I then tested 64-Bit versions of the DDR4 memory interface without Byte Lane 1 at two speeds, DDR4-1400 (1428ps) and DDR4-2400 (833ps). Both worked! Since I do not have access to a schematic I cannot further investigate my Byte Lane issue. However, I do not need ECC so having the full 8GB of working RAM is good enough.
The included ddr4_0_ex_example_design.xdc constraints file has the correct pin mappings when creating the DDR4 Example Design using Vivado 2021.2.
Begin by sourceing the innova2_xcku15p_ddr4_bram_gpio project.

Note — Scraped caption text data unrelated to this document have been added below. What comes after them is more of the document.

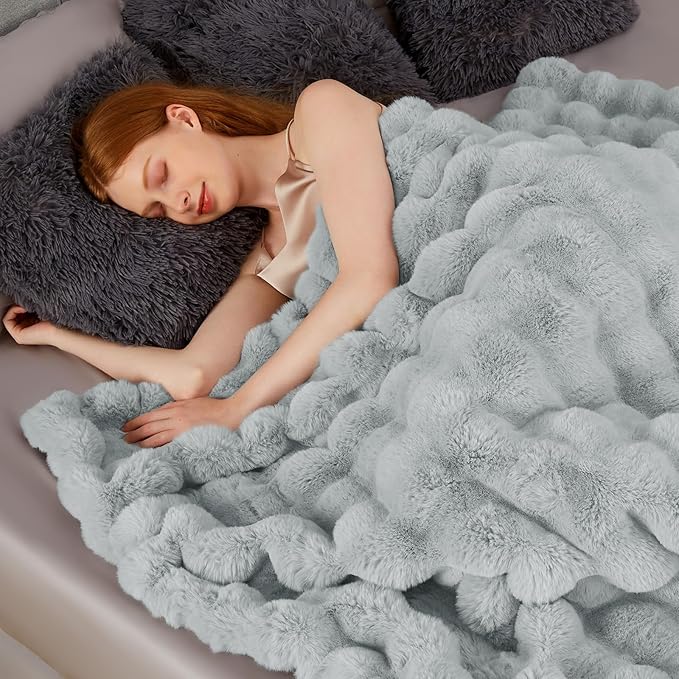 Touchat Luxury 1000GSM Faux Rabbit Fur Throw Blanket, Super Heavy Warm Cozy Grey Blankets for Couch Bed Sofa, Ruched Plush Fuzzy Elegant Soft Reversible Mink Blanket for Living Room Bedroom-Ruum Studio Home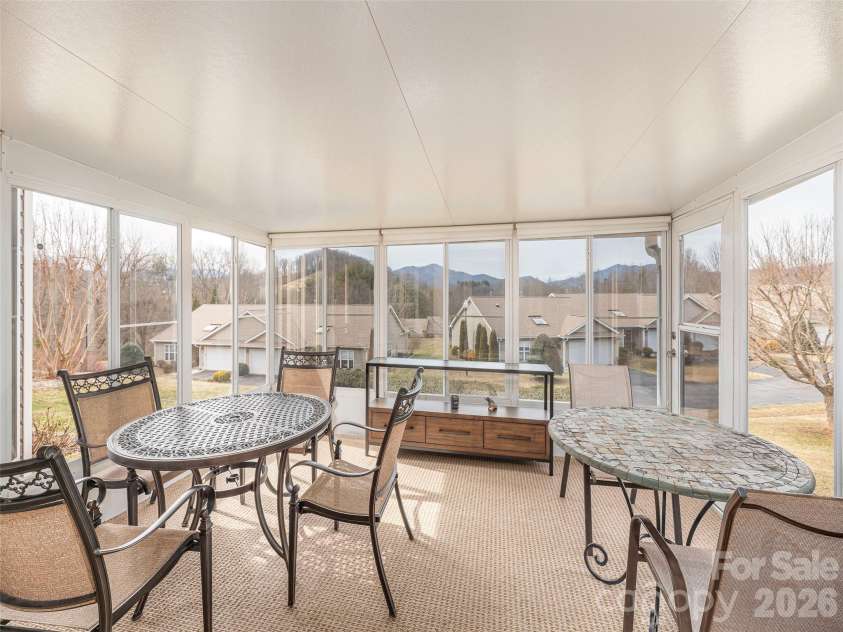 62 Denali Lane, Waynesville, NC 28786.  MLS# CAR4356624, YatesRealty ID 27564. 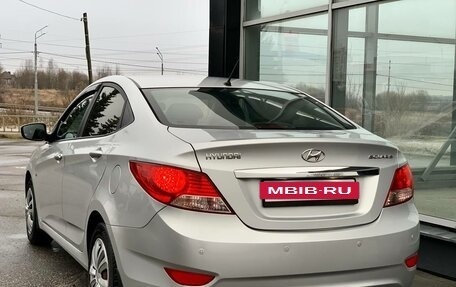 Hyundai Solaris II рестайлинг, 2014 год, 975 000 рублей, 7 фотография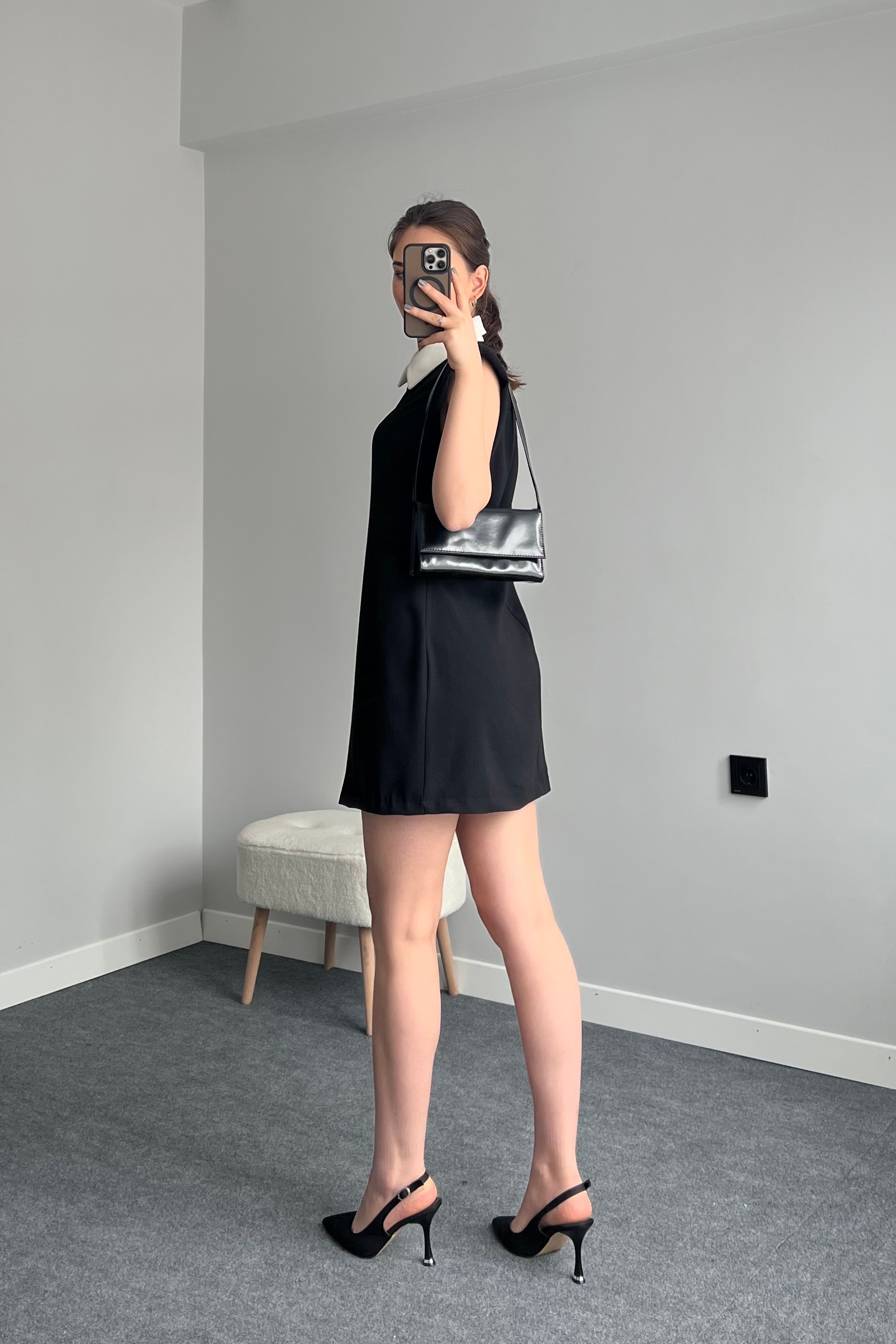 Vatkalı Kontrast Mini Elbise 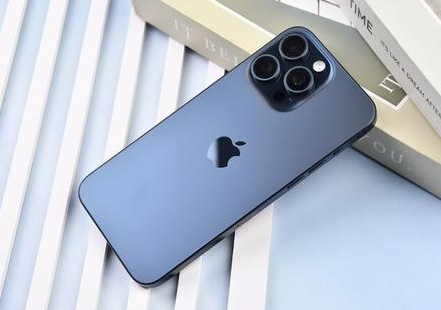 罗城苹果维修点分享iPhone 15 Pro Max屏幕更换全新实操风险 
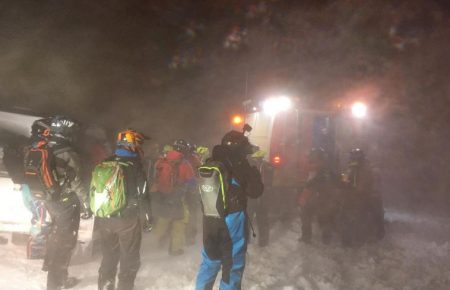 В Ісландії врятували 39 туристів, які застрягли на льодовику Лангьокулл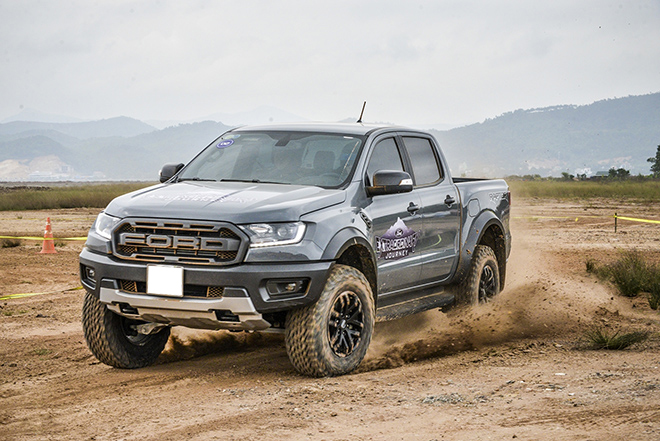 Giá xe Ford Ranger Raptor niêm yết và lăn bánh tháng 2/2023 - 10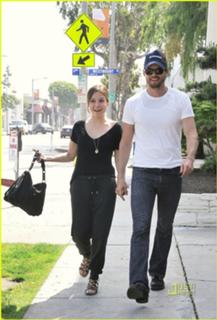 Sophia Bush feet photo thumbnail
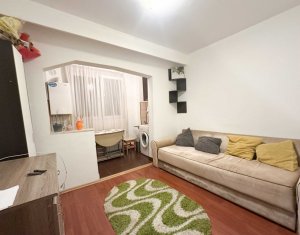 Apartament cu doua camere, etaj 3/4, zona Expo Transilvania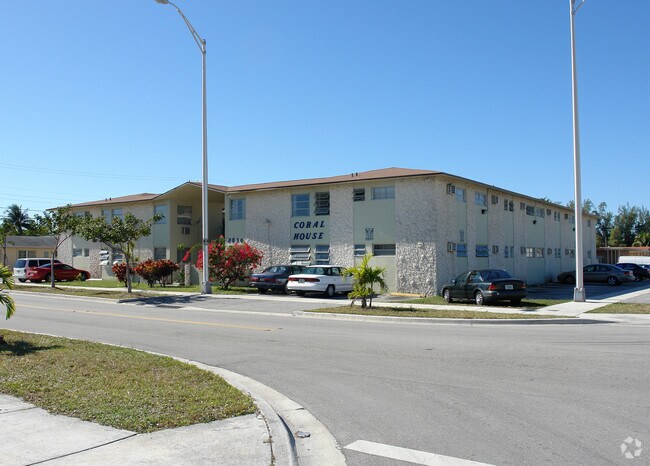 Primary Photo - Coral House Apartments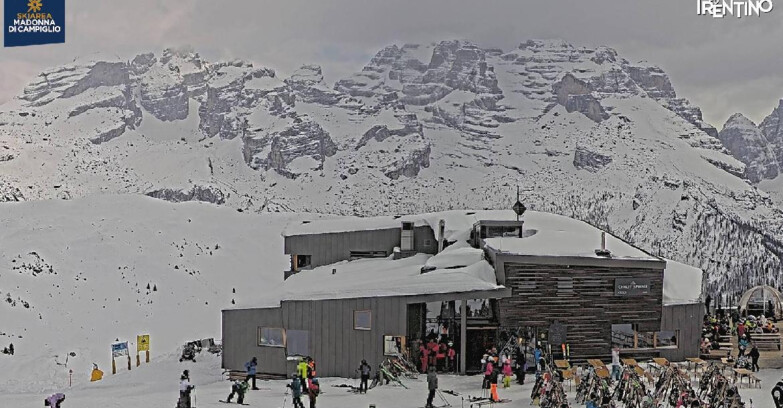 Webcam Madonna di Campiglio - Rifugio Dosson - Chalet FIAT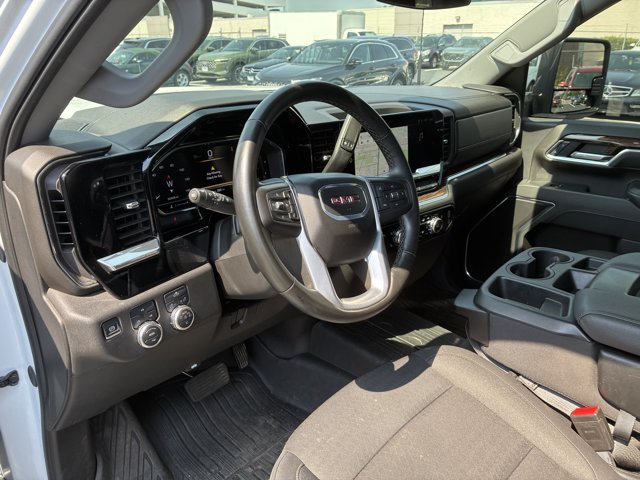 Used 2025 GMC Sierra 2500 SLE w/ SLE Value Package; AWD/4WD image 10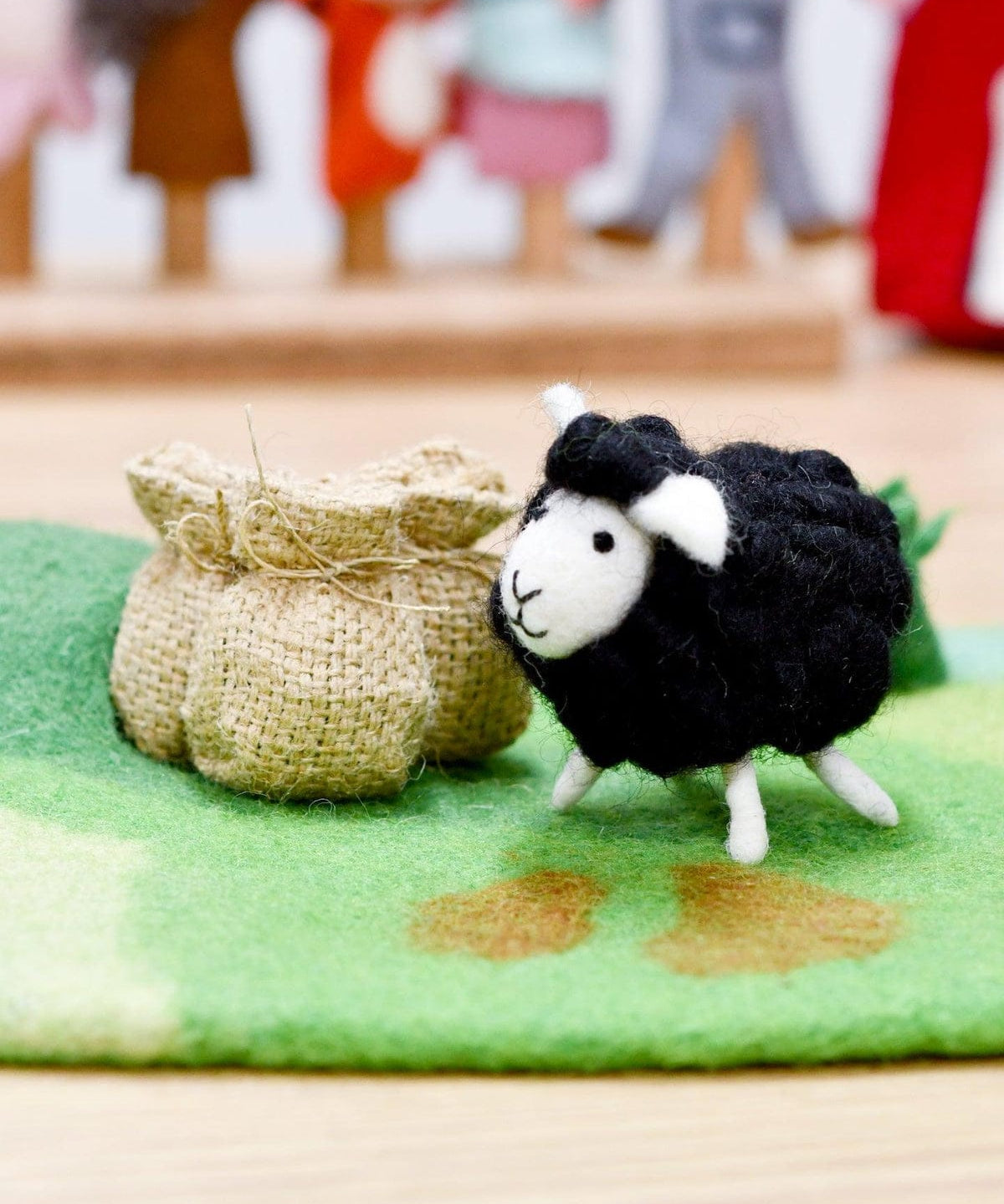 felt-baa-baa-black-sheep-toy-5.jpg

Open the Block Design and edit the DDR4 options to slower memory speeds (1428ps) and the built-in IC configuration (MT40A1G16WBU-083E). Set CAS Latency to the highest value.
Select the option to enable Debug Signals under Advanced Options in the DDR4 IP Customizer and click Accept to finish.
Right-click on the DDR4 Block and choose Open IP Example Design.
After Vivado generates the Example Design, confirm the Integrated Logic Analyzer (ILA) is present in the design. If not, confirm Debug Signals were enabled and saved and try again.
The sys_rst signal must be inverted in example_top.sv. Also, update the Constraints File example_design.xdc with the contents of the included ddr4_0_ex_example_design.xdc file.
Click Generate Bitstream and wait for your design to build which takes about 40 minutes.